I was checking out the list of pope names by frequency on Wikipedia in search of minutia to defend my assertion that Pope Francis was the first new Pope name a long time and noticed that there were two popes named Pelagius (I and II) but there's also a Pelagian heresy that predates their pontificate.

So, why Pelagius? Or didn't the Popes think that hard about their names back then?

  • That really is strange, and rather keen of you to notice. I hope someone can dig up a reason for why they didn't become John III and John V like their predecessor, but I suspect that sort of record has been lost to time.
    – Alypius
    Mar 17, 2013 at 6:40
  • There is definitely something fishy about choosing a name like that. Jan 25, 2016 at 6:20

2 Answers 2


That's interesting! Catholics tend to avoid using heretical names. In fact, I believe that it's in canon law that baptismal names cannot be the names of heretics, and that it is the priest's duty to prevent such a name from being used. So it is very strange that any pope would the name of a known heretic.

So why do we have two popes with the name of a heretic, and a very recent one, at that?
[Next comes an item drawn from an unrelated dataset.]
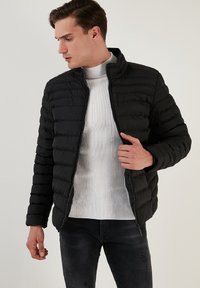Jachetă puf din neopren negru, cu linii orizontale matlasate, guler înalt și fermoar frontal. Purtată deasupra unei pulovere albe texturate și a unor blugi negri.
Perhaps it is because Pelagius of the heresy himself might have denied important aspects of that heresy:

This theological theory is named after Pelagius, although he denied, at least at some point in his life, many of the doctrines associated with his name. (Wikipedia)

Still it is strange, because the name would still have been associated with the heresy. So let's look further. From Wikipedia:

Beginning in the sixth century, some popes adopted a new name upon their accession to the papacy; this became customary in the 10th century, and every pope since the 16th century has done so. [...] During the first centuries of the church, the bishops of Rome continued to use their baptismal names after their elections. The custom of choosing a new name began in AD 533 with the election of Mercurius.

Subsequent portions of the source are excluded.